Total flavone of flowers of Abelmoschus manihot (L.) Medic inhibits the expression of adhesion molecules in primary mesenteric arterial endothelial cells and ameliorates dextran sodium sulphate-induced ulcerative colitis in mice.

Background: Flowers of Abelmoschus manihot (L.) medic (AM) is a traditional Chinese medicine used to treat chronic nephritis, nephrotic syndrome, diabetic nephropathy, and colonic inflammation.

Purpose: This study aimed to explore the influence of the total flavone of AM flowers (TFA) on acute ulcerative colitis (UC) and the potential underlying mechanism.

Methods: Efficacy of TFA (30, 60, 120 mg/kg) on UC was evaluated in a dextran sodium sulphate (DSS)-induced colonic inflammatory mouse model by analyzing disease activity index (DAI), histopathological score, colon length, and cytokine expression. Expression levels of critical adhesion molecules and nuclear factor kappa B (NF-κB) were examined by qRT-PCR, Western blotting, or immunofluorescence labeling. Myeloperoxidase activity was examined using ELISA. In vitro THP-1 adhesion assay was used to evaluate monocyte adhesion.
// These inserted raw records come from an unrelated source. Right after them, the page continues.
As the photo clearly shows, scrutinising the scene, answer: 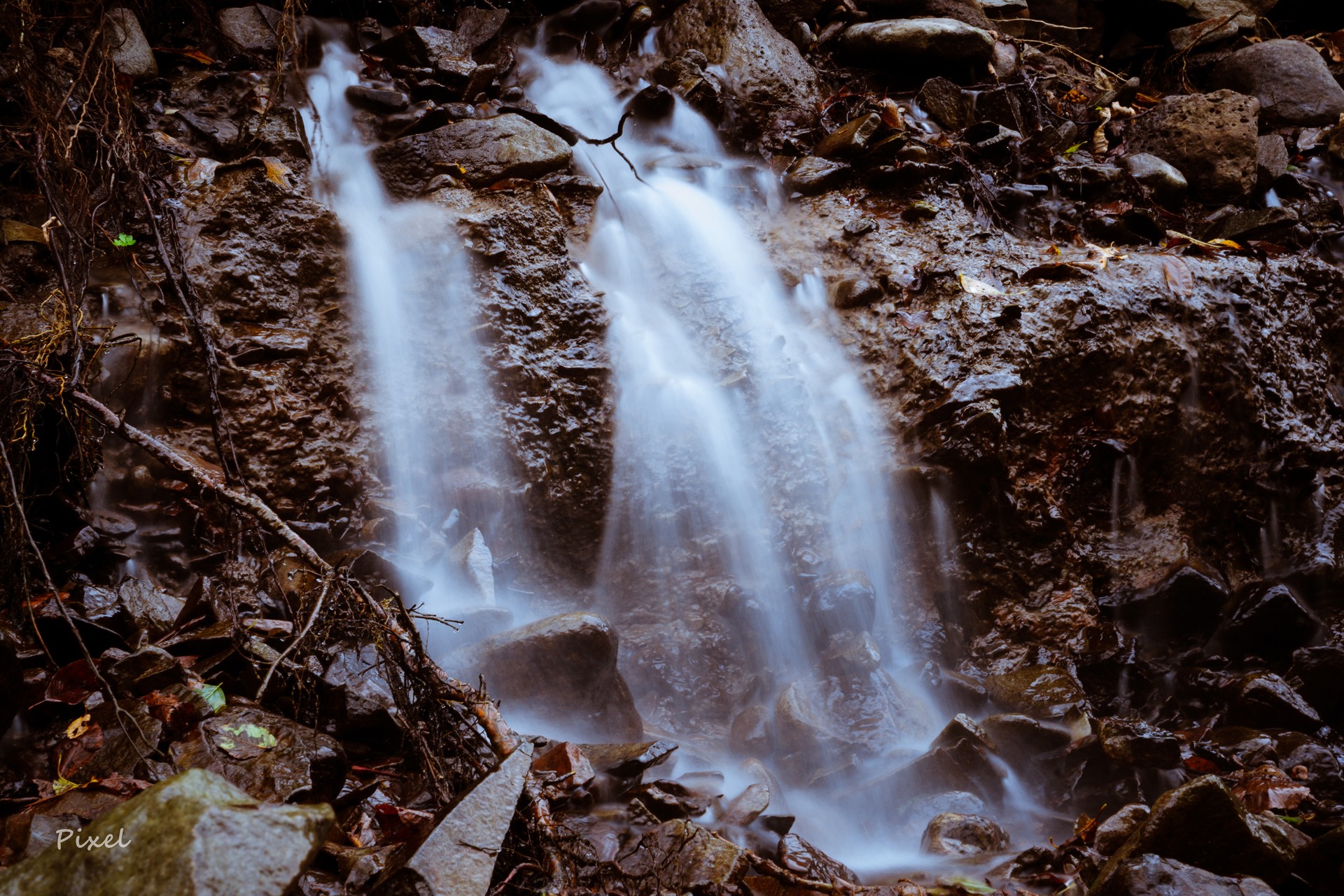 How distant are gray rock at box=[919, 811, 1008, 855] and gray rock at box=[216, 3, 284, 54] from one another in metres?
7.39

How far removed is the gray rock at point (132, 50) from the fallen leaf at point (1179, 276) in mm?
7516

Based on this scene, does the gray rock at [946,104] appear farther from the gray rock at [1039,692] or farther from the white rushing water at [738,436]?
the gray rock at [1039,692]

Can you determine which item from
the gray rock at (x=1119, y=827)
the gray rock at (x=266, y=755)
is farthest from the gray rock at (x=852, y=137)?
the gray rock at (x=266, y=755)

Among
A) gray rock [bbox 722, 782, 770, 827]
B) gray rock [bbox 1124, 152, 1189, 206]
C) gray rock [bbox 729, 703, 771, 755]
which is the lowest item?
gray rock [bbox 729, 703, 771, 755]

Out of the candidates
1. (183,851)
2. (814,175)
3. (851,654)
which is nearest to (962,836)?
(851,654)

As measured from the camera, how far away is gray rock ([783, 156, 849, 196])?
631 cm

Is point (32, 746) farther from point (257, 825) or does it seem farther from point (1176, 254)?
point (1176, 254)

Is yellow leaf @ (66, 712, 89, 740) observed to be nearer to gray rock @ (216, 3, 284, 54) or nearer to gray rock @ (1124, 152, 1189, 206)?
gray rock @ (216, 3, 284, 54)

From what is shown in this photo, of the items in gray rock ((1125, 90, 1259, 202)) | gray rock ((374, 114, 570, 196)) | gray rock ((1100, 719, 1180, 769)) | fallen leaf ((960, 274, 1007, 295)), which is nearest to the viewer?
gray rock ((1100, 719, 1180, 769))

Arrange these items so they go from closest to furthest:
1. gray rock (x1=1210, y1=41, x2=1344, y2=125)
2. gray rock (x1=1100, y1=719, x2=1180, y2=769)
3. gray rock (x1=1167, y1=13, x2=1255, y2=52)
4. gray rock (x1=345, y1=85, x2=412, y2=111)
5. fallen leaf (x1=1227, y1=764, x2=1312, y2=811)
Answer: fallen leaf (x1=1227, y1=764, x2=1312, y2=811) < gray rock (x1=1100, y1=719, x2=1180, y2=769) < gray rock (x1=345, y1=85, x2=412, y2=111) < gray rock (x1=1210, y1=41, x2=1344, y2=125) < gray rock (x1=1167, y1=13, x2=1255, y2=52)

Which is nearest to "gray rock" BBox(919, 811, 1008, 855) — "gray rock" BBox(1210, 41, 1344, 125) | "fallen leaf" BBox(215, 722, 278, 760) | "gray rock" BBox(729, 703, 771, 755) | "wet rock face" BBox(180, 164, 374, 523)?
"gray rock" BBox(729, 703, 771, 755)

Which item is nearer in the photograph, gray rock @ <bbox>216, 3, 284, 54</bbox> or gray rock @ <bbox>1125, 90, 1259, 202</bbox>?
gray rock @ <bbox>216, 3, 284, 54</bbox>

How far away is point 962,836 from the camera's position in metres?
3.21

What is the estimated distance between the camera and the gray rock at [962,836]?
125 inches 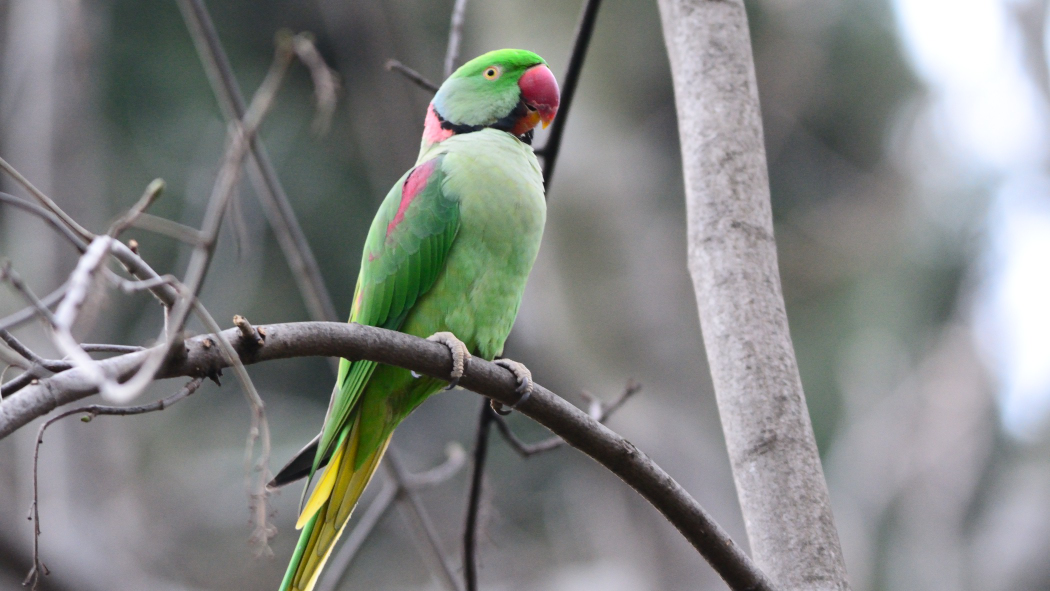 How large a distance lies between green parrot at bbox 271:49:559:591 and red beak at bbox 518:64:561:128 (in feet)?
1.06

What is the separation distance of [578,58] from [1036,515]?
6938mm

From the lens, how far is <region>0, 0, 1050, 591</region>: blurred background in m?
7.42

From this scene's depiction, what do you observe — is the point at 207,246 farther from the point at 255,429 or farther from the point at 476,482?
the point at 476,482

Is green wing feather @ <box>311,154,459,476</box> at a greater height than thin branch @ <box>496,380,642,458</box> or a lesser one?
greater

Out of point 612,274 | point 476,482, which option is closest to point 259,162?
point 476,482

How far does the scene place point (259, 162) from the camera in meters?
2.59

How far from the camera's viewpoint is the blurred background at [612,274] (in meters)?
7.42

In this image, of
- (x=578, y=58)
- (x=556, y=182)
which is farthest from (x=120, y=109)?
(x=578, y=58)

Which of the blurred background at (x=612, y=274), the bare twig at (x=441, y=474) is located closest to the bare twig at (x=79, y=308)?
the bare twig at (x=441, y=474)

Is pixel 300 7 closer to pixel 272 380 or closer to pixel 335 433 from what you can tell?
pixel 272 380

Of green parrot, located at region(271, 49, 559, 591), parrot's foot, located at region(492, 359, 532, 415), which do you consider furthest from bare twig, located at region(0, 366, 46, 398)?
green parrot, located at region(271, 49, 559, 591)

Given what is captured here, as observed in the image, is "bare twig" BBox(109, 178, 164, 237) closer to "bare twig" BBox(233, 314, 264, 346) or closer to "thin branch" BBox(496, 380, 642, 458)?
"bare twig" BBox(233, 314, 264, 346)

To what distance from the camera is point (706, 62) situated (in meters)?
2.53

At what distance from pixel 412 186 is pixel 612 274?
5.64 metres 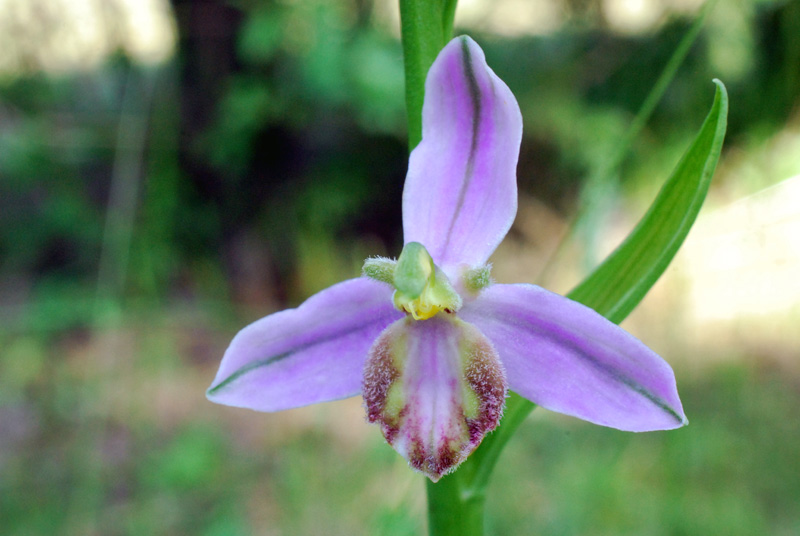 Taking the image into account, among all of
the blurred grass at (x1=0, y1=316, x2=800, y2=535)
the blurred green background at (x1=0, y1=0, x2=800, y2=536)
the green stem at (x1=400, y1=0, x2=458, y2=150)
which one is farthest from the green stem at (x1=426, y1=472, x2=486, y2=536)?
the blurred green background at (x1=0, y1=0, x2=800, y2=536)

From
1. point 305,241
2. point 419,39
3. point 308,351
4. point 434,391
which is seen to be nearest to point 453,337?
point 434,391

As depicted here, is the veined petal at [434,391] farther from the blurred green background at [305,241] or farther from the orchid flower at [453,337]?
the blurred green background at [305,241]

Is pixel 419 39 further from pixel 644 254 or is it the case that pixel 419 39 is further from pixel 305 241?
pixel 305 241

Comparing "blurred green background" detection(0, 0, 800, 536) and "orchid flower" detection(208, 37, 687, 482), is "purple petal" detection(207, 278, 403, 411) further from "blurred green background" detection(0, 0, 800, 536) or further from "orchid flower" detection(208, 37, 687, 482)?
"blurred green background" detection(0, 0, 800, 536)

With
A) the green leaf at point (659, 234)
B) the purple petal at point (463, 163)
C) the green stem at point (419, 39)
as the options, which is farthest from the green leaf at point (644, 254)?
the green stem at point (419, 39)

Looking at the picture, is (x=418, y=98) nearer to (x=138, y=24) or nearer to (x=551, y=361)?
(x=551, y=361)

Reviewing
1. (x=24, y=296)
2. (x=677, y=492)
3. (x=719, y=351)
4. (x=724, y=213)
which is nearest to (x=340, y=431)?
(x=677, y=492) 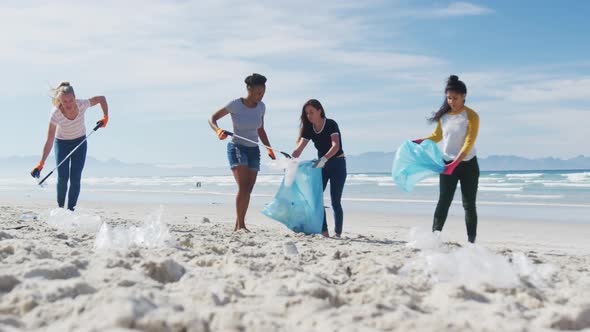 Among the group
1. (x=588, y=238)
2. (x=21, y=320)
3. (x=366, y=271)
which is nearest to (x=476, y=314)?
(x=366, y=271)

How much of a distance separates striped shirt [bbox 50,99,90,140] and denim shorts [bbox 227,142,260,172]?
62.1 inches

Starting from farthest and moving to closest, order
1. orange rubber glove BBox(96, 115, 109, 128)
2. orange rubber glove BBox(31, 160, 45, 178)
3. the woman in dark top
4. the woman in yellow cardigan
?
1. orange rubber glove BBox(96, 115, 109, 128)
2. orange rubber glove BBox(31, 160, 45, 178)
3. the woman in dark top
4. the woman in yellow cardigan

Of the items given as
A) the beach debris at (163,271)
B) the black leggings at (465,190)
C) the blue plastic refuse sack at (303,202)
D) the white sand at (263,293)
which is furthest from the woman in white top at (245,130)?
the beach debris at (163,271)

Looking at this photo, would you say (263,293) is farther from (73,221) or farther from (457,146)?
(73,221)

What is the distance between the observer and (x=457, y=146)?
16.2 ft

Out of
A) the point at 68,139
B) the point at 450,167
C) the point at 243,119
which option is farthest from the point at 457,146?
the point at 68,139

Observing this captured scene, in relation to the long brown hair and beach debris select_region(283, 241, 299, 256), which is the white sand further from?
the long brown hair

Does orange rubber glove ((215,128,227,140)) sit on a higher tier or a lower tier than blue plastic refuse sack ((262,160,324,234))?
higher

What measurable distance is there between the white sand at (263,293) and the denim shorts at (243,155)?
175cm

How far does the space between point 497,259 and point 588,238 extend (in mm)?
4151

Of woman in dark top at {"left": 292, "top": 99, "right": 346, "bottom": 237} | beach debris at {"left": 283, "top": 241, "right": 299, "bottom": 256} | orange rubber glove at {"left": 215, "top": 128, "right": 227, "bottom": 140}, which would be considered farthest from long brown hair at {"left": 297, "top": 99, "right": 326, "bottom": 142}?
beach debris at {"left": 283, "top": 241, "right": 299, "bottom": 256}

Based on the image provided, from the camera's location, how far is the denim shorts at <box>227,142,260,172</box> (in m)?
5.90

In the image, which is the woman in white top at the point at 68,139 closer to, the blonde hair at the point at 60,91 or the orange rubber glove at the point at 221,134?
the blonde hair at the point at 60,91

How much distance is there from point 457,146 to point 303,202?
5.09ft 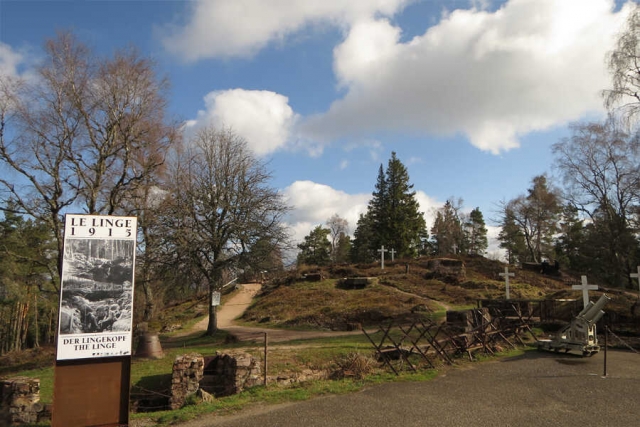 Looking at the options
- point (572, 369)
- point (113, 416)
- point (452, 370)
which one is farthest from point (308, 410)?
point (572, 369)

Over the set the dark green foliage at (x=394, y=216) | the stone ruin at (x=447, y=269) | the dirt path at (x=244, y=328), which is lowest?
the dirt path at (x=244, y=328)

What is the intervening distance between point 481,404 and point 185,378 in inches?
285

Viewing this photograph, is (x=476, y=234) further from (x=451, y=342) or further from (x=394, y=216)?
(x=451, y=342)

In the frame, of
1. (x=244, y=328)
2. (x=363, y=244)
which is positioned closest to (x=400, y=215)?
(x=363, y=244)

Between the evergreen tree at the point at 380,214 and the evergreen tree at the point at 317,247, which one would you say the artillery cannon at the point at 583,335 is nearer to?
the evergreen tree at the point at 380,214

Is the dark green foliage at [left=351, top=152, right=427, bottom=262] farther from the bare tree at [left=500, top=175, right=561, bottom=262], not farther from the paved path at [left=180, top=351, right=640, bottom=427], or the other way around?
the paved path at [left=180, top=351, right=640, bottom=427]

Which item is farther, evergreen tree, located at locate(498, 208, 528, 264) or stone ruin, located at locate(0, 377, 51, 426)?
evergreen tree, located at locate(498, 208, 528, 264)

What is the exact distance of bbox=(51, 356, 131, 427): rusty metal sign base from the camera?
7.06 meters

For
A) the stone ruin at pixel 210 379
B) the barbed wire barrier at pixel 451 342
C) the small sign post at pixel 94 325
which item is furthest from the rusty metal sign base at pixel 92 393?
the barbed wire barrier at pixel 451 342

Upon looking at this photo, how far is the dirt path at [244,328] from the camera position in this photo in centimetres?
1878

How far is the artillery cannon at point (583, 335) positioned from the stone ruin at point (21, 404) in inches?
590

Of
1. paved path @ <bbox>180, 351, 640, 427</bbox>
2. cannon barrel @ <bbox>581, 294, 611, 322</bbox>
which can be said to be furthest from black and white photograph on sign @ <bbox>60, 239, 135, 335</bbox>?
cannon barrel @ <bbox>581, 294, 611, 322</bbox>

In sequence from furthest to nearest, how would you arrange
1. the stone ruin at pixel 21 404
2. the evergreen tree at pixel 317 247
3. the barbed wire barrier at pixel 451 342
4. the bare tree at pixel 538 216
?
the evergreen tree at pixel 317 247 < the bare tree at pixel 538 216 < the barbed wire barrier at pixel 451 342 < the stone ruin at pixel 21 404

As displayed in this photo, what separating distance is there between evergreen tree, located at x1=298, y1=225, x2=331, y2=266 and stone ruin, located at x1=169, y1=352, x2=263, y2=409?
2236 inches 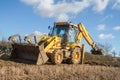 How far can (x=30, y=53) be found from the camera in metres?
17.1

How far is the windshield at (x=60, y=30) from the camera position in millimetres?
18344

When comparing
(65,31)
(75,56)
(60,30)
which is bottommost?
(75,56)

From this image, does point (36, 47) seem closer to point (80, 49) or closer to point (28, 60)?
point (28, 60)

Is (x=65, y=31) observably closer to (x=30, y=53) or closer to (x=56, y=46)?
(x=56, y=46)

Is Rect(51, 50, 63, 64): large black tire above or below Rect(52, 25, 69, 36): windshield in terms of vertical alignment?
below

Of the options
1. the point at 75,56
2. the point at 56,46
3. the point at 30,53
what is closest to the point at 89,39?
the point at 75,56

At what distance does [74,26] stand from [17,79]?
9.39 meters

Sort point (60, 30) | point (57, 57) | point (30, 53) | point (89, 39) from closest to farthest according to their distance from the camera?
point (57, 57) → point (30, 53) → point (60, 30) → point (89, 39)

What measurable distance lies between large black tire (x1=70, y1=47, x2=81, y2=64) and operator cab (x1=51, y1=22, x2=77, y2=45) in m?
0.64

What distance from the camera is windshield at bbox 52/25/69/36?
18.3 meters

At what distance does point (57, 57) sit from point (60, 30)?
92.1 inches

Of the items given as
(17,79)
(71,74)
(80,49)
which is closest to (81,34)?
(80,49)

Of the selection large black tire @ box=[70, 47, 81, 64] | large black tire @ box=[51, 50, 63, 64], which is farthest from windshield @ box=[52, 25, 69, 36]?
large black tire @ box=[51, 50, 63, 64]

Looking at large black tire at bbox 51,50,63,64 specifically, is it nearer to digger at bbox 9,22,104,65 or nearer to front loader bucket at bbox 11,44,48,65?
digger at bbox 9,22,104,65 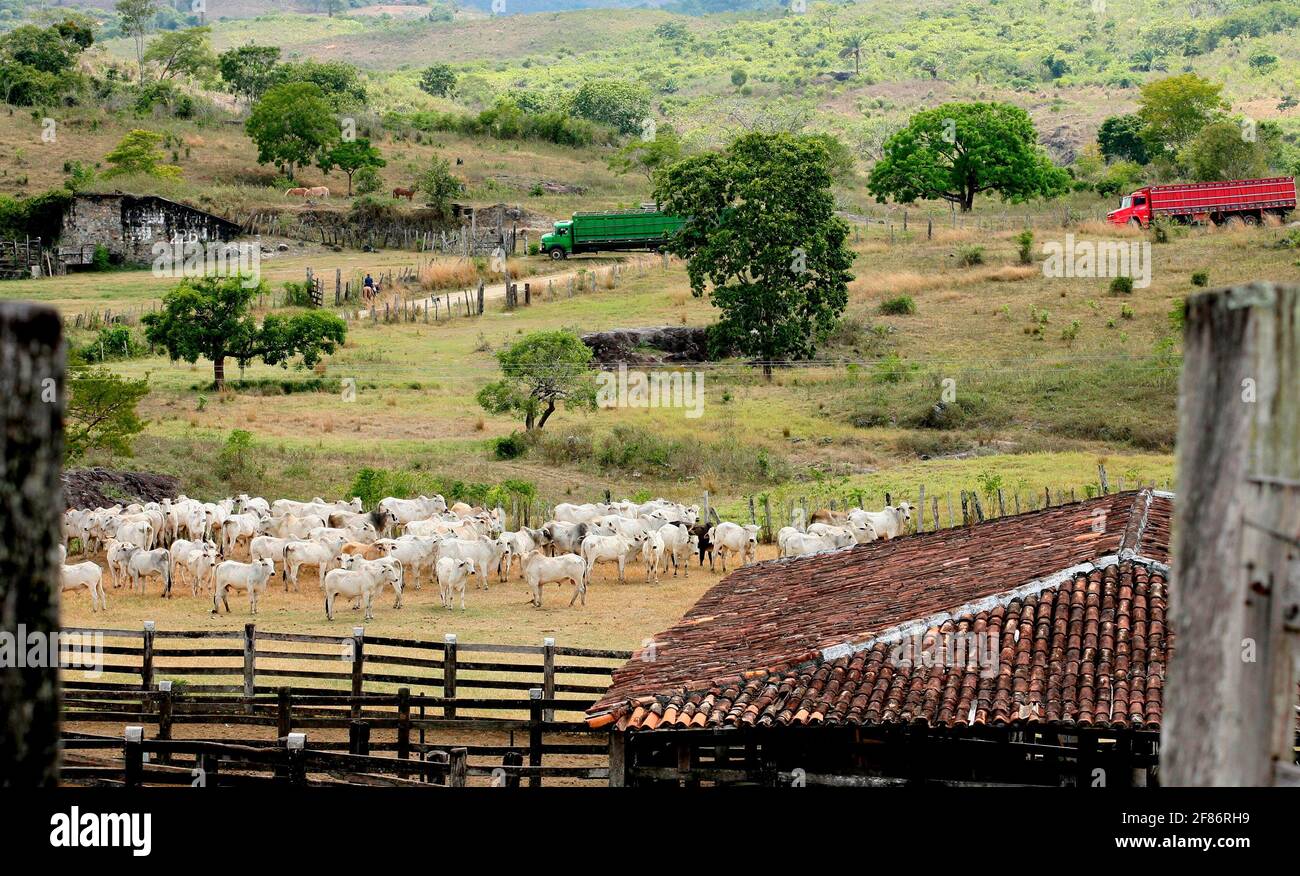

Results: TFA significantly reduced DAI score, prevented colon shortening, and ameliorated histological injuries of colons in DSS-treated mice. TFA inhibited the expression of cytokines (IL-1β and TNF-α) and adhesion molecules (ICAM-1, VCAM-1, and MAdCAM-1) in colon tissues of DSS mice. In vitro studies on mesenteric arterial endothelial cells (MAECs) showed that TFA attenuated TNF-α-induced upregulation of ICAM-1, VCAM-1, and MAdCAM-1, as well as THP-1 cell adhesion to MAECs. TFA also suppressed the phosphorylation and nuclear translocation of NF-κB in MAECs.

Conclusion: TFA efficaciously ameliorates UC possibly by inhibiting monocyte adhesion through blocking TNF-α-induced NF-κB activation, which in turn suppresses the upregulation of adhesive molecules in colon endothelial cells. Inhibiting the expression of adhesion molecule in MAECs may represent a useful strategy for therapeutic development to treat UC, with TFA being a safe and efficacious therapeutic agent.